> _REQUIREMENT_:
Will you output all of the data below exactly, omitting the images?

★ ★ ★ ★ ★

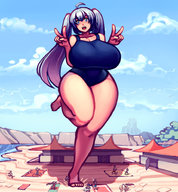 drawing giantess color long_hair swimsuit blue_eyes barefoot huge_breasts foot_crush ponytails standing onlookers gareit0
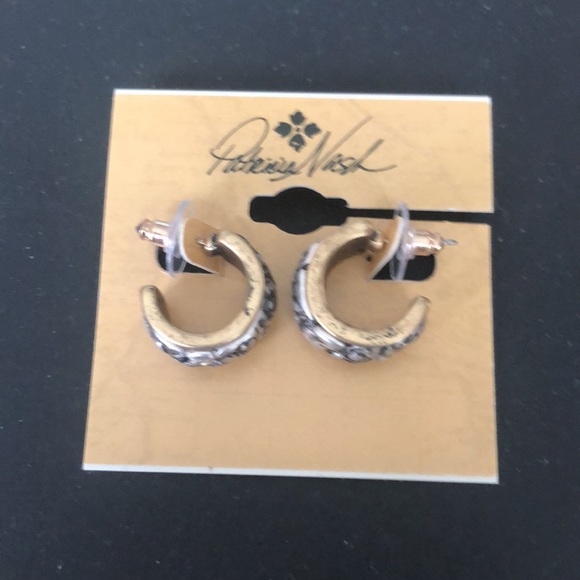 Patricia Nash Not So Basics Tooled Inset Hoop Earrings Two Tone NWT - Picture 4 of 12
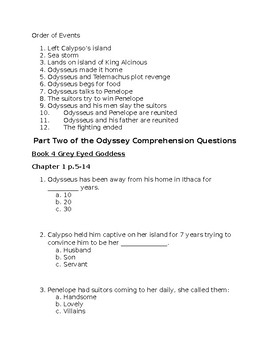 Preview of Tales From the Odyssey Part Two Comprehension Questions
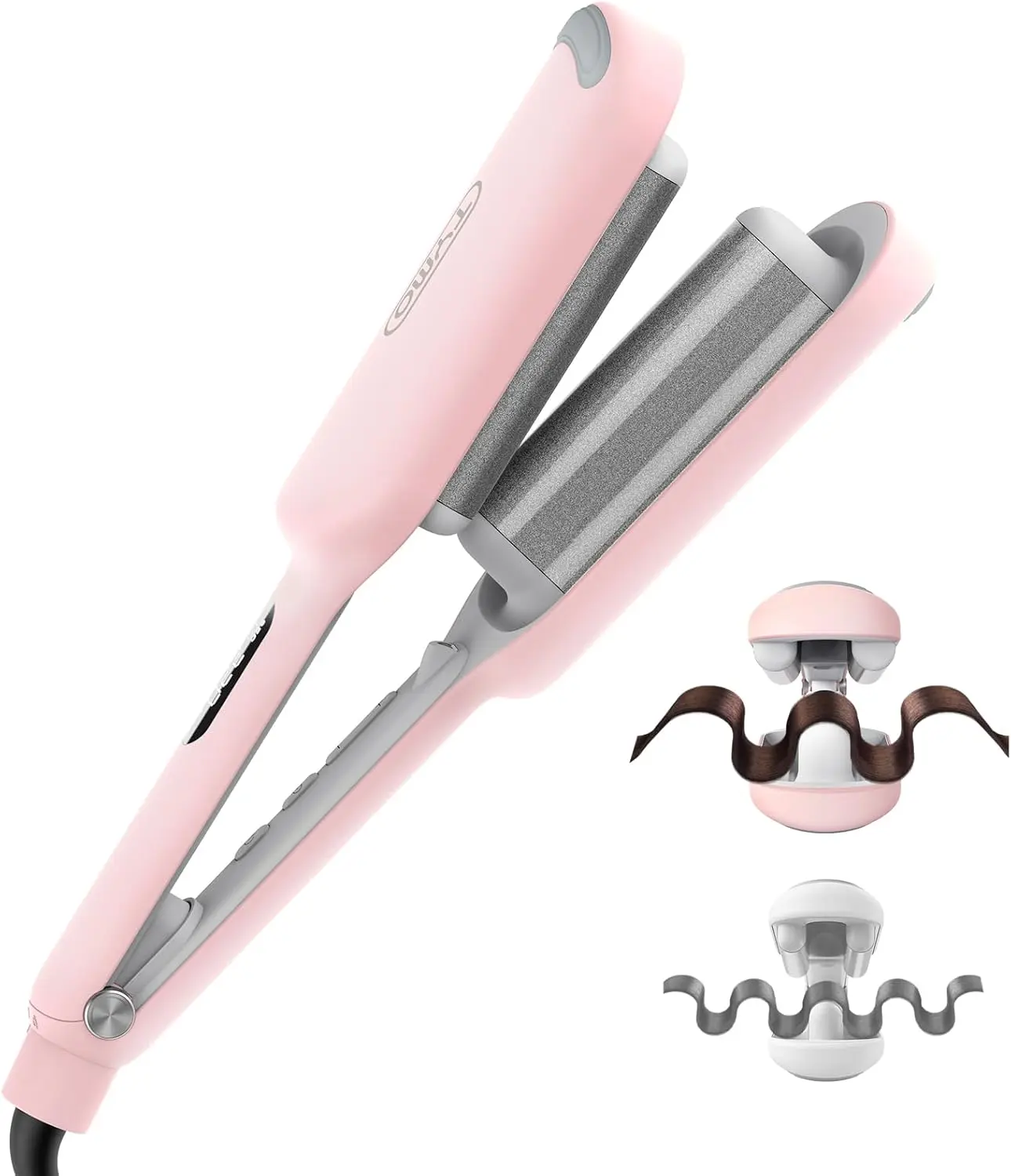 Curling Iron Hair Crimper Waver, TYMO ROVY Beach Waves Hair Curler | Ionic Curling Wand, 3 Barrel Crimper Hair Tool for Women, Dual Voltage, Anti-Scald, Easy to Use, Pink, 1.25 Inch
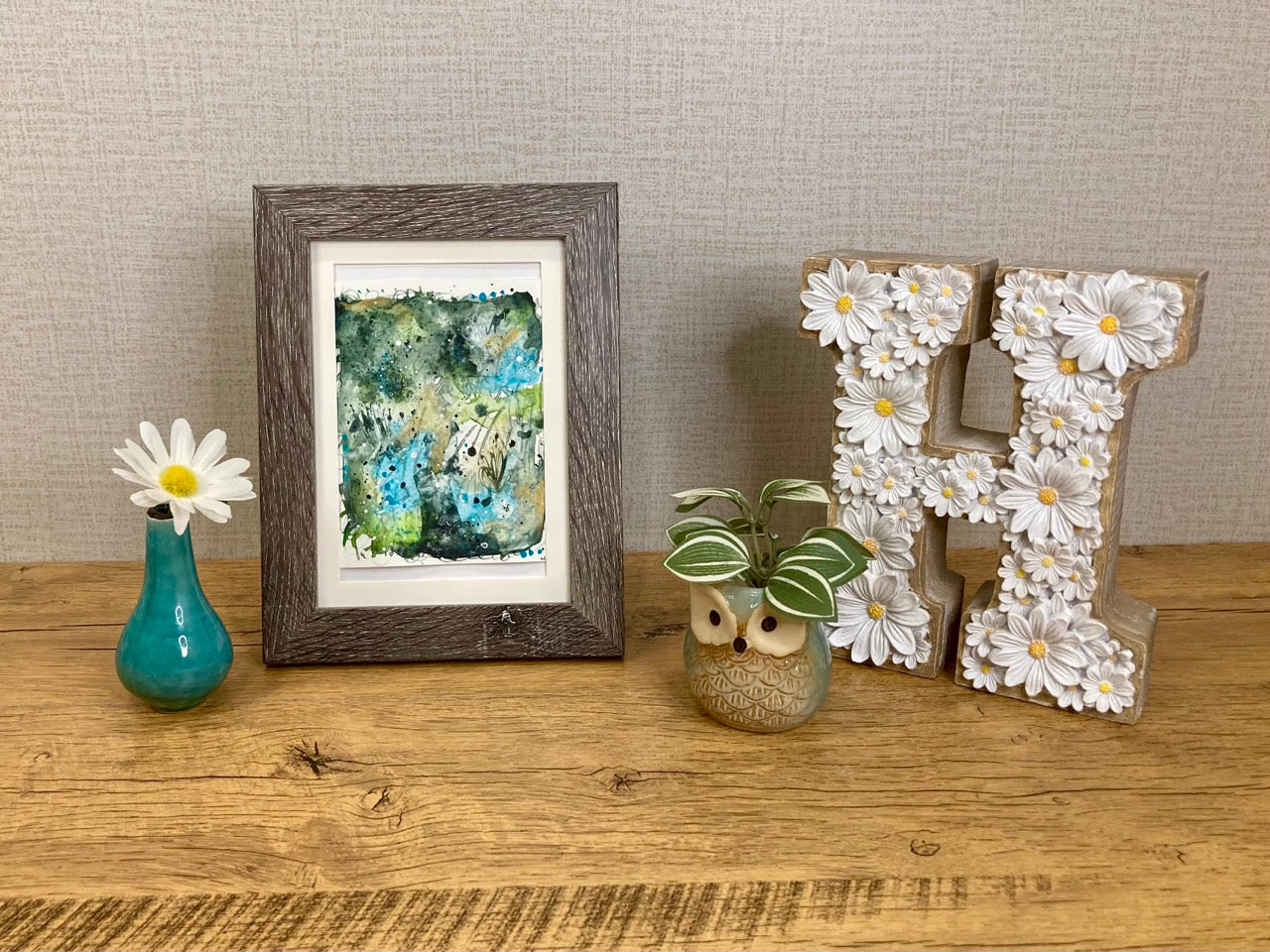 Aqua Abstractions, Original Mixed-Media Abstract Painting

★ ★ ★ ★ ★

> _SOLUTION FOR THIS EXERCISE_:
 drawing giantess color long_hair swimsuit blue_eyes barefoot huge_breasts foot_crush ponytails standing onlookers gareit0
 Patricia Nash Not So Basics Tooled Inset Hoop Earrings Two Tone NWT - Picture 4 of 12
 Preview of Tales From the Odyssey Part Two Comprehension Questions
 Curling Iron Hair Crimper Waver, TYMO ROVY Beach Waves Hair Curler | Ionic Curling Wand, 3 Barrel Crimper Hair Tool for Women, Dual Voltage, Anti-Scald, Easy to Use, Pink, 1.25 Inch
 Aqua Abstractions, Original Mixed-Media Abstract Painting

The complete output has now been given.